Amani Mustafa Mhinda, Founder and Executive Director of HakiMadini, a Tanzanian advocacy organization, mentioned that some professionals had abandoned their work to pursue courses in oil and gas.
He explained that the development was causing imbalances in other sectors such as education, health and legal, among others.
According to Mr Mhinda, the shift from other sectors to the extractive industry is bound to cause a concentration of labour in that area at the expense of others.
Speaking at an 11-day oil and gas training workshop for 30 journalists from Ghana, Uganda and Tanzania in Dar es Salaam, Tanzania, which is aimed at introducing them to critical issues on exploitation, management and utilization of resources of the industry, he said, “People are leaving their jobs to take oil and gas courses. The unfortunate aspect is that in most they find out to their surprise later that there are no jobs.”
The training programme is being organized by Revenue Watch Institute, in collaboration with Thomson Reuters Foundation, Penplusbytes and the African Center For Media Excellence.
According to Mr Mhandi, usually countries tend to focus investment on the extractive industry to the detriment of other key sectors.

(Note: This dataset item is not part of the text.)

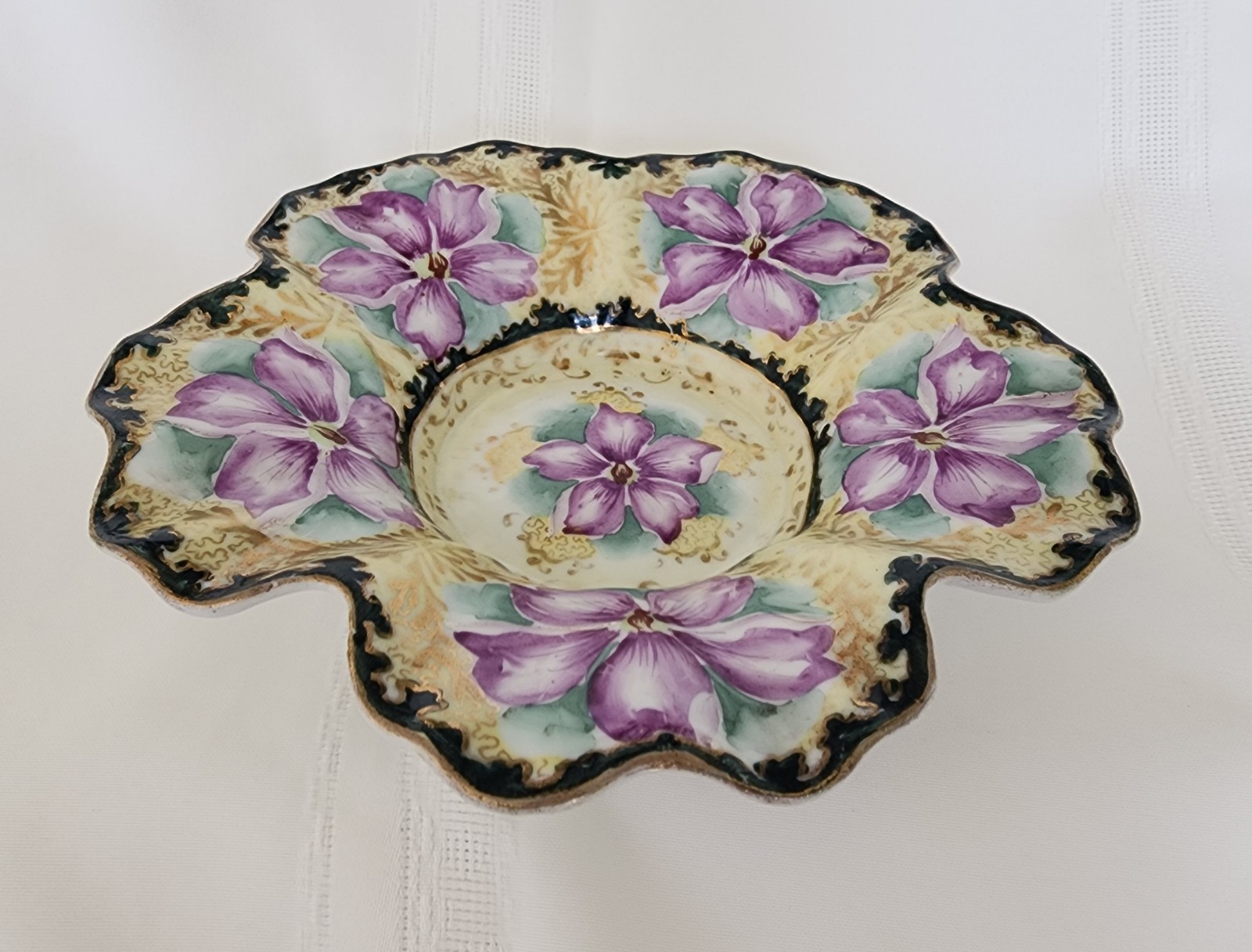 Antique Porcelain Hand Painted Purple & Gilded Floral Ftd Scalloped Bowl 8×2.25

He mentioned that this leads to a phenomenon commonly known as the ‘Dutch Disease.’
The journalists were drawn from countries with emerging extractive industry.
It is intended to also help them update their knowledge and skills to start public debates on how best to utilize proceeds from the exploitation of minerals to promote the interest of the citizens.

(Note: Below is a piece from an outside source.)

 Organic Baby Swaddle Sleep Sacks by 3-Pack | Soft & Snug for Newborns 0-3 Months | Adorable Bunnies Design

Mr Mhinda, who is also a member of the Tanzania’s Extractive Industry Transparency Initiative Multi Stake Group, which guides the revenue transparency and accountability process in the countries, urged governments to adopt the right policies in order to avoid the resource curse.
He stated that it was important for government to put the appropriate measures in place.

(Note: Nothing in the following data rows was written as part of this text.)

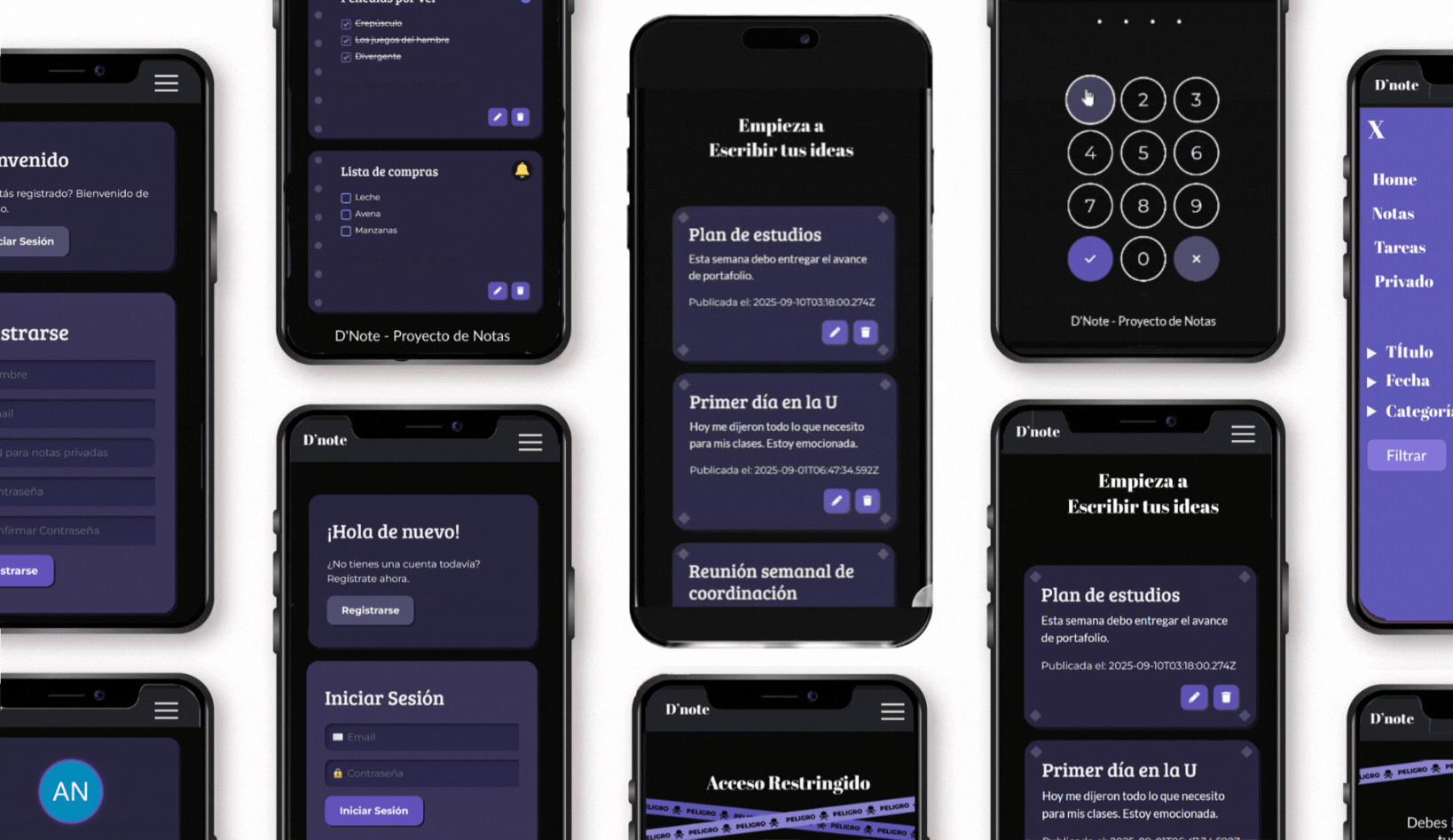 Proyecto web D'Note: gestión de notas y tareas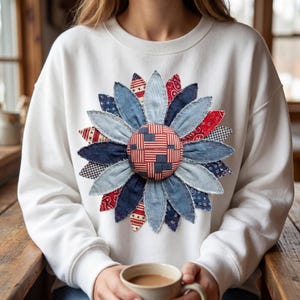 Patchwork Sunflower PNG, Americana Sublimation Digital Download, America Shabby Chic Shirt Cottagecore Design, Trendy Png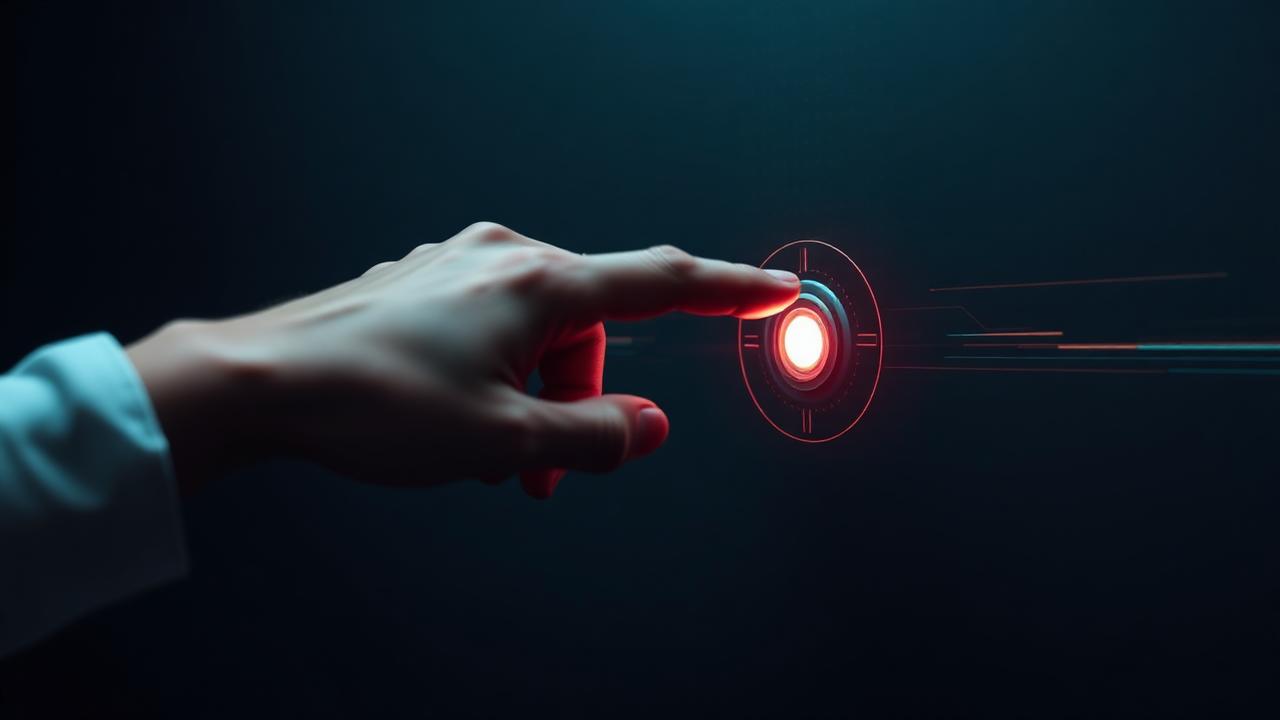 Mano golpeando un objetivo luminoso en movimiento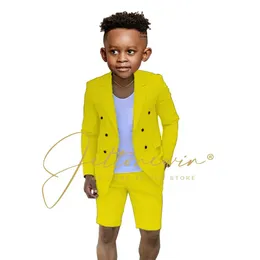 Zakończony żółty chłopiec z podwójnym piersi garnitury krótkie spodnie Summer Beach Groom Suit Casual Kids Business Wedding Blazer 240119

After citing Norway and Brazil, which have put in place the right policies to maximize benefits in the extractive industry, the mining advocate, who is a lawyer and political scientist, pointed out mineral resources are finite.
“It has a lifespan and after sometime it would run out, it is important to get the guiding principles right. The focus must be on long-term development of the country.”
Natural resources, he noted, serve as a catalyst for growth and that effective management would lead to the development of social infrastructure such as transport and energy, among others.
“When oil, gas or mineral is discovered in a country life of the citizens is not going to change right away. But that cannot be possible unless the right thing is done.”